Here are three interesting factoids from Hut 8’s earnings.

Efficient Chips Can Make or Break Profits for Miners

In conventional narrative, energy costs are considered the most important factor affecting mining. But that expense is directly related to the efficiency of chips that power mining machines. In a fast-moving industry, the availability and efficiency of these chips is an important determinant of profits.

Very few manufacturers of Application-specific integrated circuits (ASIC), the chips most commonly-used in mining machines, exist in the world today. With growing prospects for cryptocurrencies, demand for these chips is high from manufacturers of mining machines. In turn, the non-availability of mining machines can affect bottom lines at miners.  

During Hut 8’s earnings call, CEO Andrew Kiguel said the sold-out machines on the website for Bitmain, the world’s biggest bitcoin mining company, were an example of resulting dynamics. According to him, Bitmain is dependent on suppliers and vendors for its final product. The sold-out signs are simply meant to delay delivery dates to ensure that Bitmain does not default on its orders due to its suppliers, he said. Hut 8 sources its mining machines from Bitfury, another maker of mining hardware.

Bitcoin prices determine profit numbers

In an earlier interview, CEO Kiguel explained the company’s strategy to ride out price volatility in crypto markets. As the price of Bitcoin goes up, the company cuts back on its production of the cryptocurrency and induces scarcity in the market. A declining price is occasion to increase production and market supply.
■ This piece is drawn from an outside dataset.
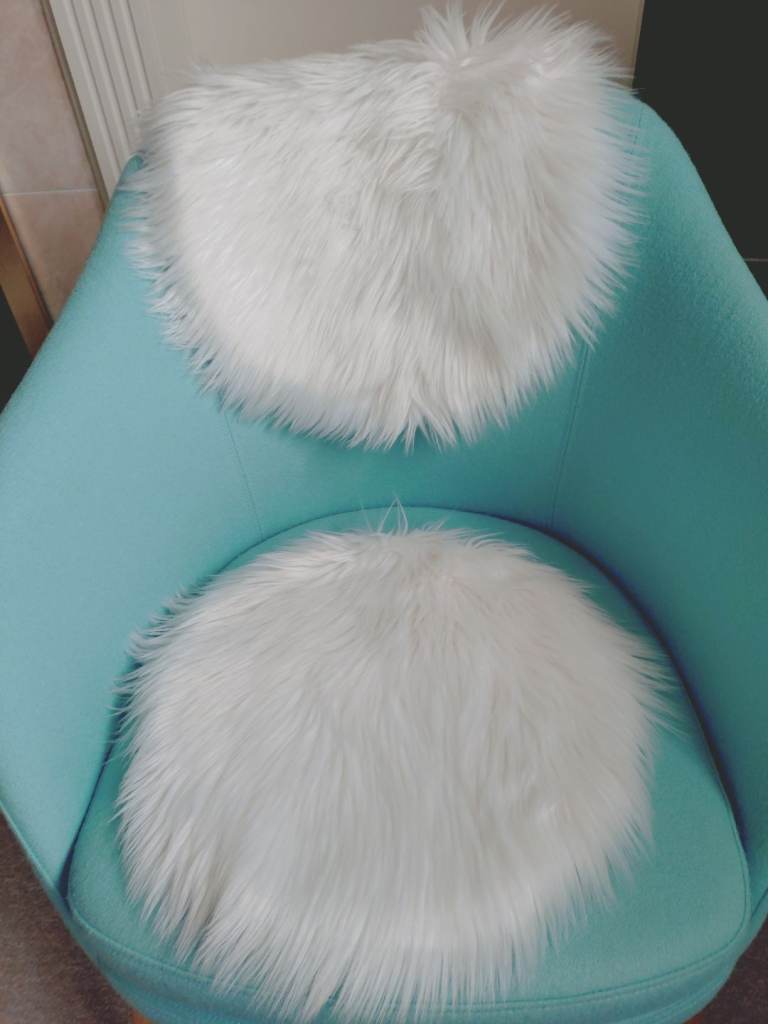 A set of 2 faux fur white chair pads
Hut 8 performed regression analysis for the correlation between Bitcoin price and the difficulty levels of its algorithm and concluded that $15,000 is a “great buying opportunity” for the cryptocurrency. “Once it rises above that price point, we see it as a selling opportunity,” said Kiguel.     

Of course, that calculation does not take into account the cost of scaling infrastructure or paring down operational costs. Hut 8 itself is an example of the perils. It laid off workers in January and April this year and has increased the number of operational servers on its farms.

During the company’s earnings call, Kiguel said Hut 8 benefitted from increasing Bitcoin price in the last quarter and a reduction in corporate overhead. Specifically, the rise in Bitcoin prices increased working capital from $8.4 million to $38.2 million.  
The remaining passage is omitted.